Il y a dans l’économie littéraire modeste d’Emmanuelle Guattari (textes brefs, récit en éclats) quelque chose d’infiniment gracieux et attentionné. Jamais naïf cependant. Découverte avec La petite Borde (2012) et Ciels de Loire (2013) dans lesquels la fille de Félix a raconté son enfance anticonventionnelle dans la clinique psychiatrique de La Borde créée par son philosophe de père, on la retrouve un peu plus tard, loin du Loir-et-Cher, installée à New York. Car on imagine que la narratrice de ce troisième récit emprunte à l’écrivaine quelques données biographiques dont ce père, si peu banal, qui a extrait de son carnet d’adresses le premier point de chute new-yorkais de sa fille, chez un ami dans le sud de Manhattan, près des docks.
C’est la fin des années 1980, Manhattan, et plus encore Brooklyn, où la jeune Française vivra un peu plus tard dans un appartement en colocation avec trois garçons, n’a pas encore été nettoyé de ses pauvres et de ses fous. On y trouve des immeubles murés, des rues où les taxis ne vont pas. On peut encore se faire des frayeurs en s’aventurant seule à quelques blocs à l’ouest de Times Square.
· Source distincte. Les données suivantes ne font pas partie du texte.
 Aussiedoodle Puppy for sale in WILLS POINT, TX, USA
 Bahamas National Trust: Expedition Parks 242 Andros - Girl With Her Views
Dans New York, petite Pologne, toutes les vues recadrées par Emmanuelle Guattari ont des angles absolument singuliers : la projection de Terminator dans l’unique cinéma de Willamsburg, le regard culpabilisant d’un chien trouvé dans le métro et laissé à la SPA faute d’argent, un cafard dans un escalier très pentu, Janice couchée dans la rue devant la porte d’entrée de l’immeuble, trois poules sur un trottoir où un pont a été fermé à la circulation… Face à l’étranger, à l’inconnu, la jeune narratrice garde les yeux tranquillement ouverts. Fidèle à sa paisible acceptation de la nouveauté et de l’altérité. L’héritage dont elle nourrit ses profonds petits livres. V. R.